Multifamily Price Forecast
Leasing has slowed even as Portland and Seattle’s downtown area expect additional high-quality/luxury units to be developed, putting downward pressure on rent growth, particularly for the higher-end units. At the same time, Seattle’s apartment rent growth has already been feeling the effects of new inventory coming online. Additionally, the continued development of multifamily units in the suburbs, even while tenants struggle with inflation and the potential for increased unemployment, has dampened the appetite for multifamily acquisitions.
Any expected downturn in the economy is currently anticipated to have a range from minimal to relatively strong impacts on real estate prices, depending on the real estate sector’s existing characteristics and anticipated changes.

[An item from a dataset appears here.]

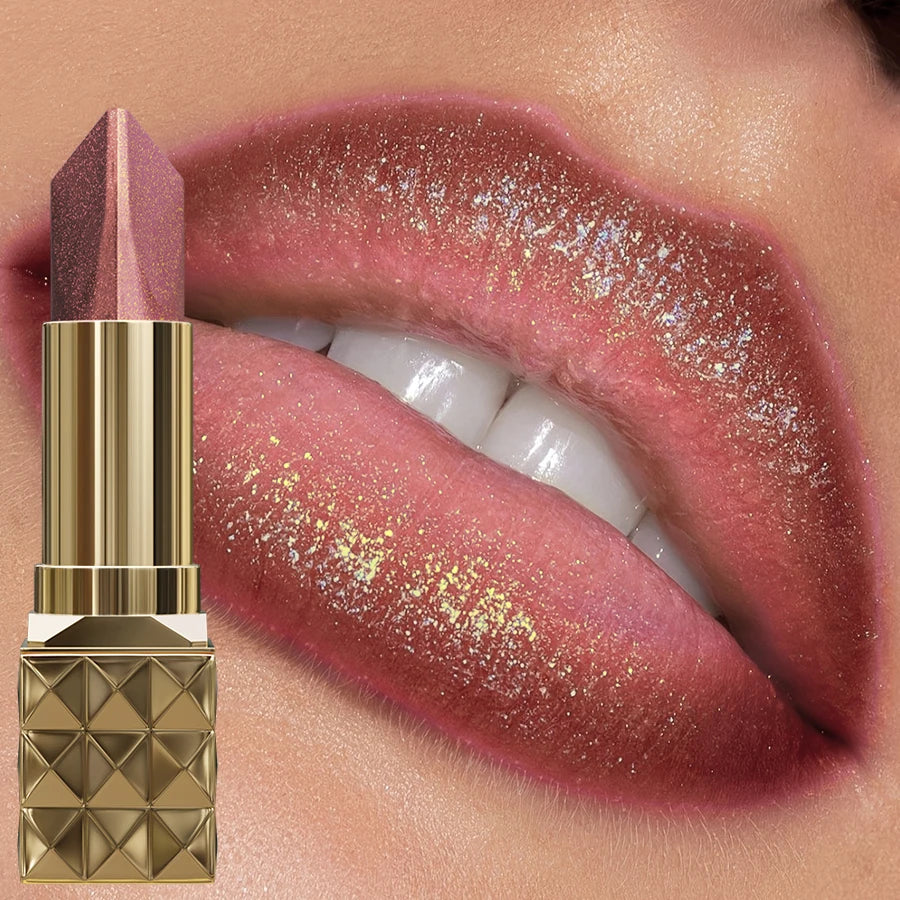 4-Color Glitter Two-Tone Lipstick – Matte & Pearlescent Lip Tint, Shiny Metallic Korean Makeup Lip Gloss & Lip Oil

The effects of increasing interest rates, quantitative tightening, and stricter lending standards will affect all sectors. However, even within sectors that are potentially expected to experience large declines, there are opportunities for sound investments, especially where buyers and sellers have reasonable expectations of current economic conditions and future expectations about pricing, capitalization rates, and rent growth. As always, seek professional guidance and contact your broker to understand how your property or a potential acquisition competes and compares to the market in general and the market conditions in your property’s immediate area, given its characteristics and specific facts and circumstances. This material is provided for informational purposes only; events and market conditions can unexpectedly change. The material in this article should not be considered financial advice.
NOTES ABOUT FRED (FEDERAL RESERVE ECONOMIC DATA)
Net Percentage of Domestic Banks Tightening Standards for Commercial and Industrial Loans to Large and Middle-Market Firms (DRTSCILM)
Survey of up to eighty large domestic banks and twenty-four U.S. branches and agencies of foreign banks. The Federal Reserve generally conducts the survey quarterly, timing it so that results are available for the January/February, April/May, August, and October/November meetings of the Federal Open Market Committee. The Federal Reserve occasionally conducts one or two additional surveys during the year. Questions cover changes in the standards and terms of the banks’ lending and the state of business and household demand for loans. The survey often includes questions on one or two other topics of current interest.
Commercial and Industrial Loans, All Commercial Banks (CILACBQ158SBOG)
These series are break adjusted. The percent changes are at a simple annual rate and have been adjusted to remove:
– The effects of non-bank structure activity of $5 billion or more
– The estimated effects of the initial consolidation of certain variable interest entities (FIN 46) and off-balance-sheet vehicles (FAS 166/167).
Information about these adjustments is documented in the H.8 Notes in the Data section (http://www. federalreserve.gov/releases/h8/h8notes.htm) of the H.8 Assets and Liabilities of Commercial Banks in the United States release from the Board of Governors.
To make the current and past levels comparable, a ratio procedure is used to adjust past levels. For example, if on December 31, 2008, real estate loans at large banks increased by 1% because a large bank acquired a non-bank during that week, the levels for real estate loans at large banks for all weeks prior to December 31, 2008, would be increased by 1% and then the percent changes would be calculated using those adjusted levels. These quarterly percent changes are calculated from quarterly levels, rounded to the nearest $100 million, based on the average of the three monthly levels in each quarter.